Cervical cancer is the third most common cancer in women globally, and is particularly frequent in low-income countries where 78% of the cases occur [1]. The most important cause of cervical cancer is human papillomavirus (HPV), and it is unlikely that cervical cancer can occur in its absence. About 80–95% of cervical cancers are squamous cell carcinomas, which usually arise from cervical intraepithelial neoplasia, and a small minority are adenocarcinomas.

The study of the effect of cigarette smoking on cervical cancer is complicated by the possible confounding by sexual practice, a factor strongly linked to smoking [102, 103]. Most studies report an approximate doubling in risk amongst smokers, and this association is always reduced, as would be expected, by controlling for the presence of HPV and/or sexual behaviour [58]. However, some studies report an enduring excess risk of smoking after adjustment for sexual behaviour [104]. Moreover, mutagens have been found in the cervical mucus of smokers, but not nonsmokers, and there is a reduction in the proportion of Langherhans' cells in the cervical mucosa of smokers [58].

Colon and/or rectal cancer

Colon and rectal cancer accounted for 10% of all new cancer cases in 1990 and 8% of all cancer deaths [1]. The incidence of colon and rectal cancer is higher in high-income countries and is up to 30 times less frequent in India, South America and Africa. Colorectal cancer is approximately equally frequent in men as in women and is usually adenocarcinoma.

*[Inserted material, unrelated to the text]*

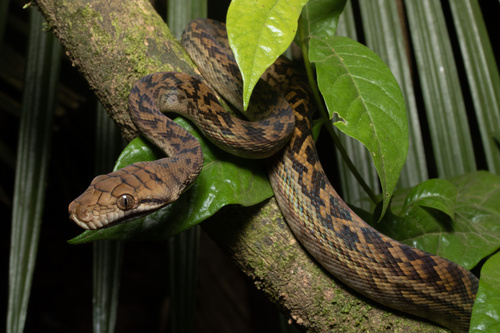 Australian Scrub Python sighting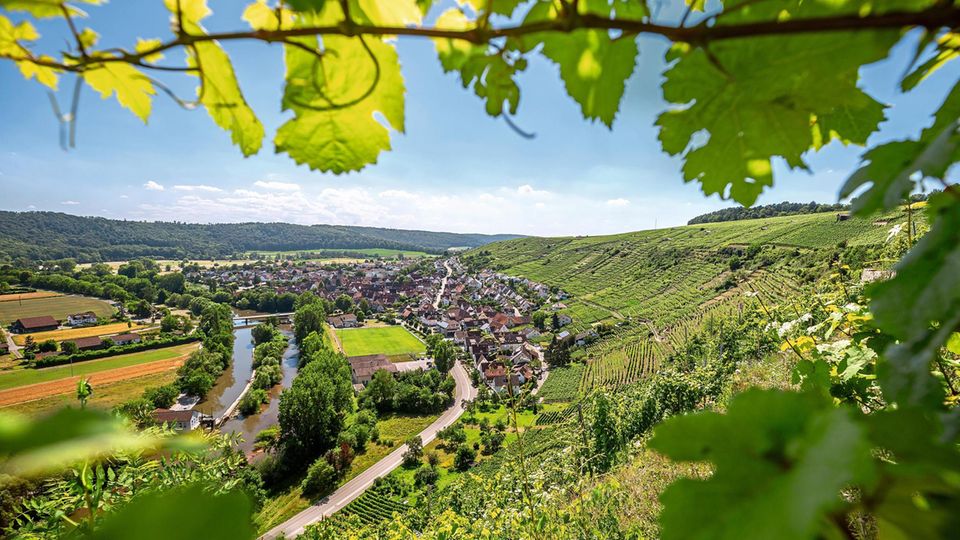 Ein idyllischer Blick ins Tal bei Roßwag. Die Hänge sind voller Weinreben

Early studies in the 1950s and 60s investigating the association between smoking and colorectal cancer risk were generally null [105–109]. With extended follow-up, however, some studies appeared showing an increased risk amongst smokers. The Nurses' Health Study, for instance, found that cigarette smoking was unrelated to colorectal cancer when the uptake of smoking was less than 35 years ago, but 35–39 years after initiation smokers of at least 10 cigarettes per day had a 50% increased risk compared with nonsmokers [110]. Similarly, in the Health Professionals Follow-up Study smoking was related to risk for colorectal cancer only after an induction period of more than 35 years [111]. Overall all published studies assessing the role of smoking in colorectal cancer causation in men after 1970 and women after 1990 (i.e. 40 years after smoking became common) showed statistically significant positive associations [112]. Furthermore, risk of colorectal cancer depends on the intensity and duration of use, and the Cancer Prevention II cohort study showed that risk may fall with time since smoking cessation [113]. The long induction period, together with the consistently found association between smoking and risk of colorectal adenomas [112], suggest that smoking may act as a tumour initiator for colorectal cancer.

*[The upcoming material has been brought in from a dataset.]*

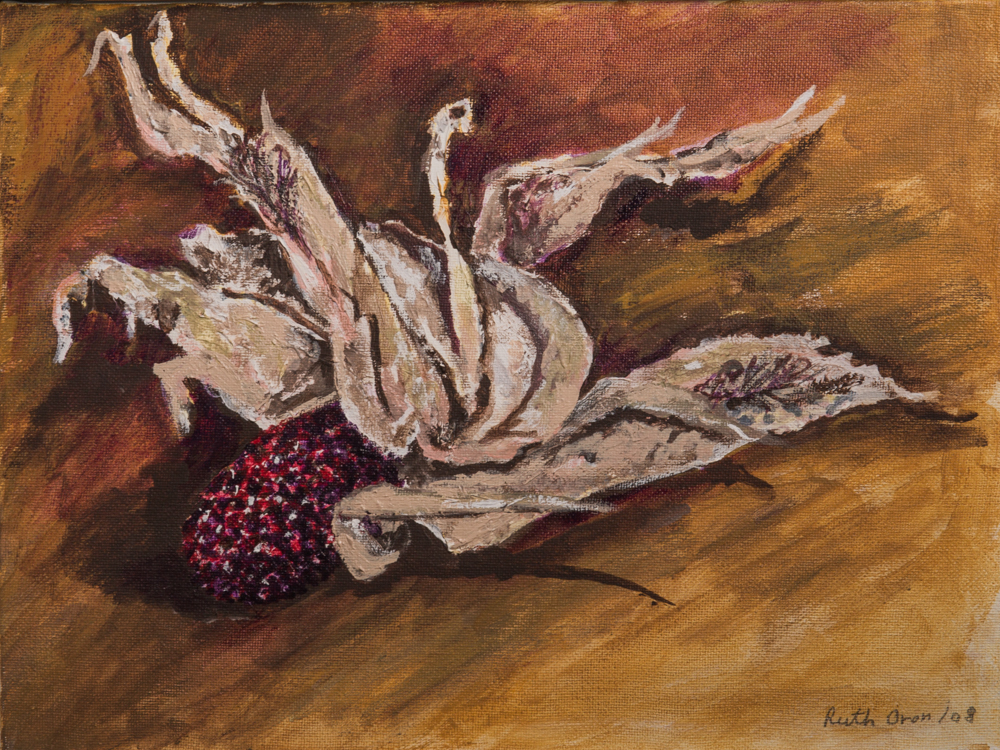 Indian Corn (87)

Smoking may be more closely related to rectal than colon cancer, as testified by data from the male British Physicians cohort [5] and a cohort of young male Swedish construction workers [114]. Risk of colorectal cancer is also related to cigar and pipe smoking [113, 115], and rectal cancer may relate to chewing tobacco and snuff use [115].

Gall bladder cancer

Gall bladder cancer is rare, only the fifth most common cancer of the digestive tract, and has a poor prognosis. Gall bladder cancer incidence increases with age and it is more common in women than men. Most carcinomas of the gall bladder are adenocarcinomas.

Because of the rarity of this cancer few studies have investigated its aetiology, and those studies that do exist are generally small. Although two USA case–control studies supported a role for smoking in the aetiology of gall bladder cancer [116, 117], a multicentre case–control study found no increased risk amongst cigarette smokers (odds ratio = 1.3, 95% CI = 0.8–1.9) [118]. Despite the equivocal epidemiological data, there is a biological rationale supporting the association between smoking and gall bladder cancer, as there is evidence that smoking increases the risk of gall bladder disease [119], which, in turn, is a risk factor for gall bladder cancer [118].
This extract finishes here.